Tan hosco lucía el prócer y mártir norteamericano que se vio conminado a
atenuar los duros rasgos de su rostro volviéndose un barbudo.
En
el cine contemporáneo, la grotesco es notable en el caso de Woody Allen, quien
no sólo escribe, produce y dirige sus películas sino que es el protagonista de
la mayoría de ellas, en una suerte de exhibición infinitamente narcisista de su
fealdad física y su retorcido mundo interior, atormentado por la neurosis y las
preocupaciones propias de la gente fea.

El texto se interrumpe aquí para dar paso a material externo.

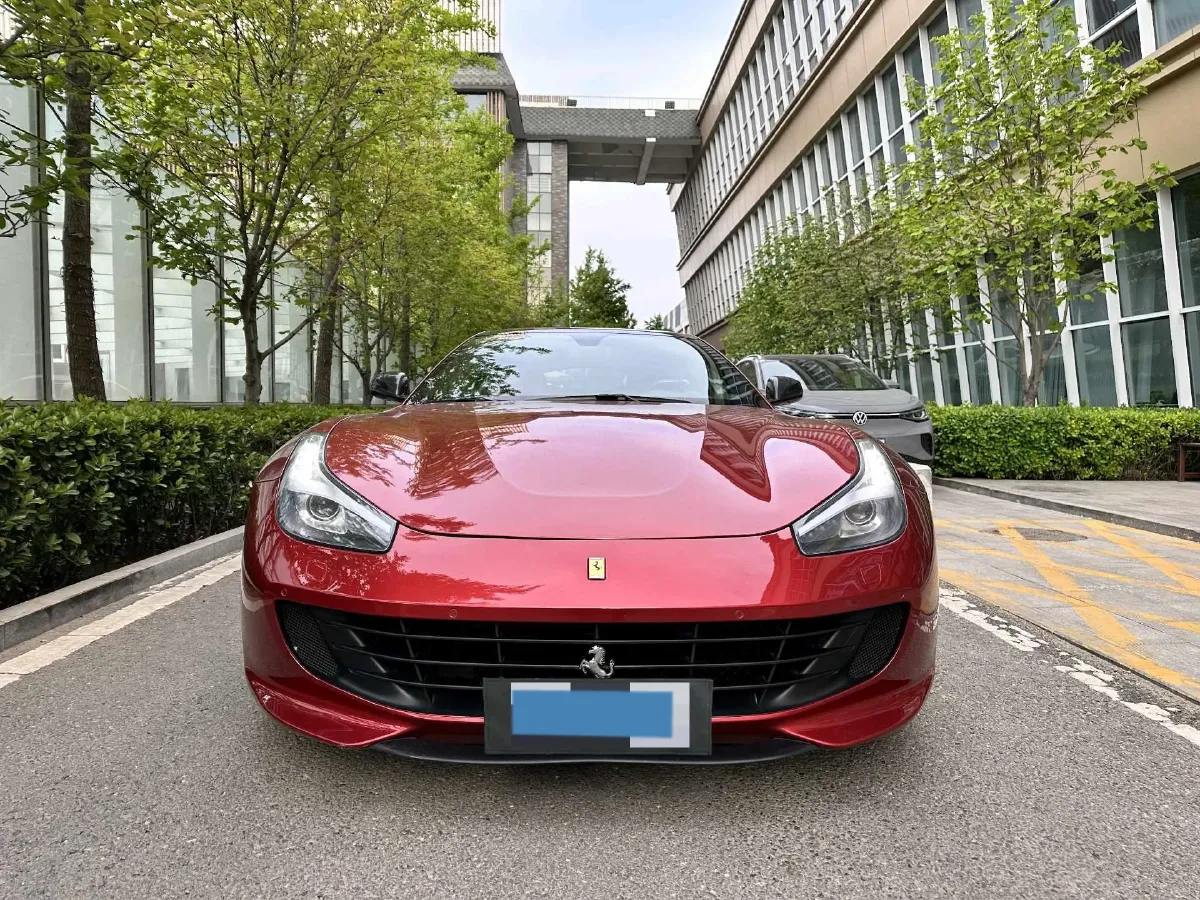 2017 Ferrari GTC4 Lusso 3.9T 609HP V8 7DCT,autocango,china used car exporter,china ev exporter,chinese used car exporter,chinese used ev exporter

No es casualidad que la enfermedad
aparezca en su propuesta estética a través de la exposición recurrente de lo
hipocondríaco y de un ego tan gigante como malsano.
Lo
antiestético es también una apuesta hacia la historia cuando se intenta
unificar a través de lo igualitario, lo que no produzca diferencias, lo que se asemeje
más a la mayoría. De allí que si tuviésemos que hacer una representación
gráfica del hombre-masa del cual nos habla Ortega y Gasset, el mismo tendía que
ser feo, dado que la fealdad es mayoritaria y colectiva. Si surgiera un nuevo “Manifiesto”

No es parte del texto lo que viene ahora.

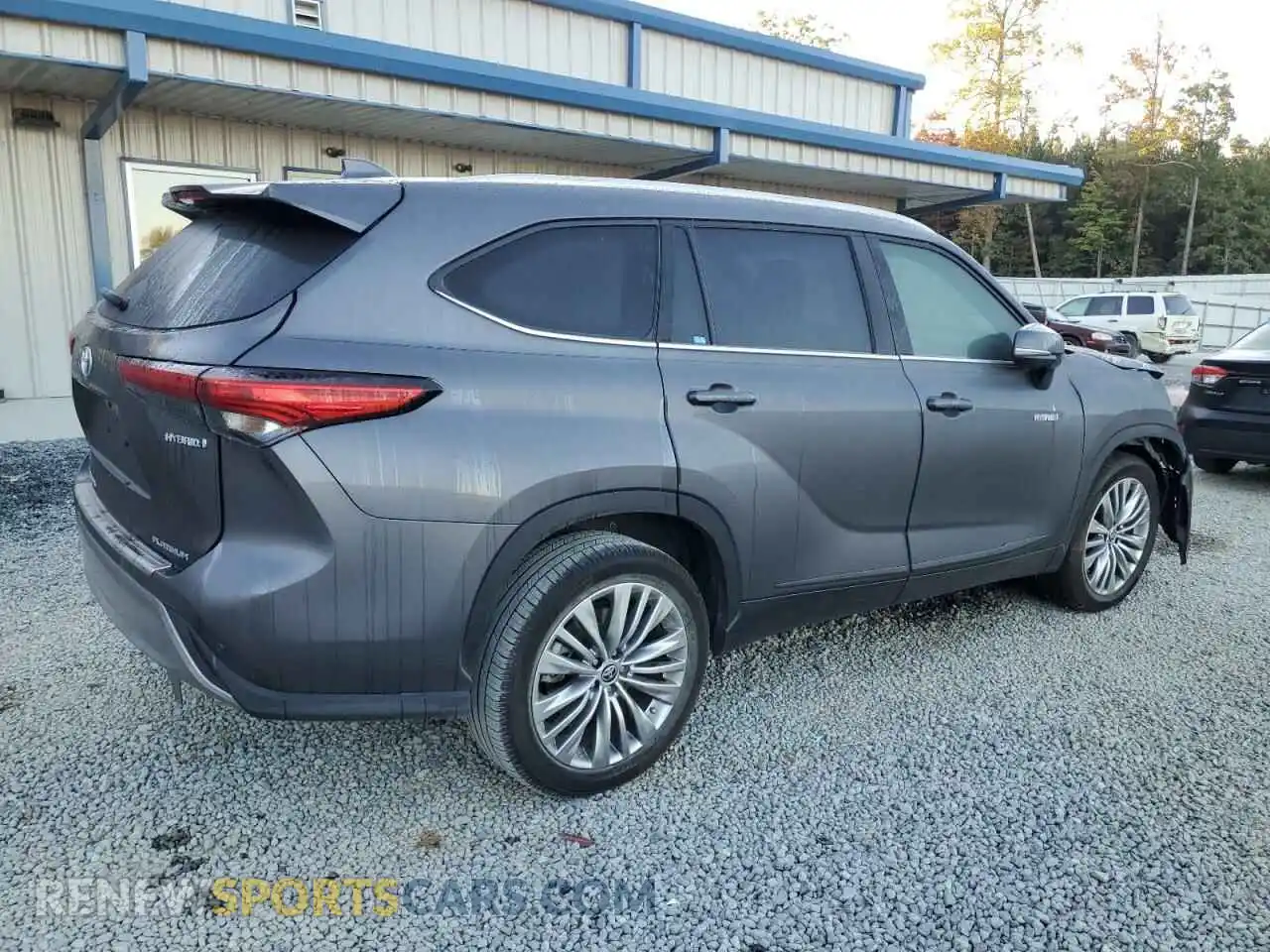 3 Photograph of a damaged car 5TDFARAH8MS008026 TOYOTA HIGHLANDER 2021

proselitista, tal vez tendría mucha más efectividad si dijese “Feos del mundo,
uníos…” Eso sí y sólo sí reconociésemos nuestra condición.
El
asunto es que por más que lo horripilante cunda, lo mismo no es admitido, pues
a muchos les produce desagrado la aceptación de su propio afeamiento. Tanto,
que abundan quienes se gastan hasta lo que no tienen en modificar su
apariencia ante los demás, lo cual
incluye desde la inversión en implantes de pelo hasta las toneladas de silicona
y sustancias afines que son el eje de ciertas formas de negocios que generan
infinitas ganancias debido a que el hombre en general rechaza la aceptación de
su horrible aspecto.
La
industria publicitaria no escatima esfuerzos en producir tormentos y
frustraciones en aquellos que no se asemejan a los hombres y mujeres que
aparecen como modelos de belleza a imitar, lo cual es en realidad una
estrategia para despertar la envidia y
el descontento. No nos parecemos a aquello que se nos intenta mostrar como
bello, pero en vez de aceptarlo y ser felizmente horripilante, sobran quienes
son víctimas de la idea de querer dejar de ser como se es.
En
realidad hay dos cosas propias de lo bello que no podrán ser modificadas: 1) El
tiempo altera la belleza. De ahí que no debe sorprendernos cuando descubrimos
que afortunadamente no prosperó el esfuerzo por conquistar aquella muchacha en
el bachillerato, cuando nos la conseguimos hoy en el supermercado con la piel
brillante de tantas cirugías y cicatrices abdominales que deslucen, en un
inútil esfuerzo por espantar el cronómetro. 2) Lo bello, por más bello que sea,
si no va acompañado de otros atributos, termina por aburrir.
Buen
consejo me dio mi madre, cuando viendo que mientras más horrendo me iba
volviendo, me decía con su enjuta gestualidad y absoluta seguridad discursiva:
“No te preocupes hijito, que el hombre es como el oso, mientras más feo (y allí
venía su inefable eufemismo)… más gustoso”.
Publicado en el diario El Universal de Venezuela el 29 de junio de 2015.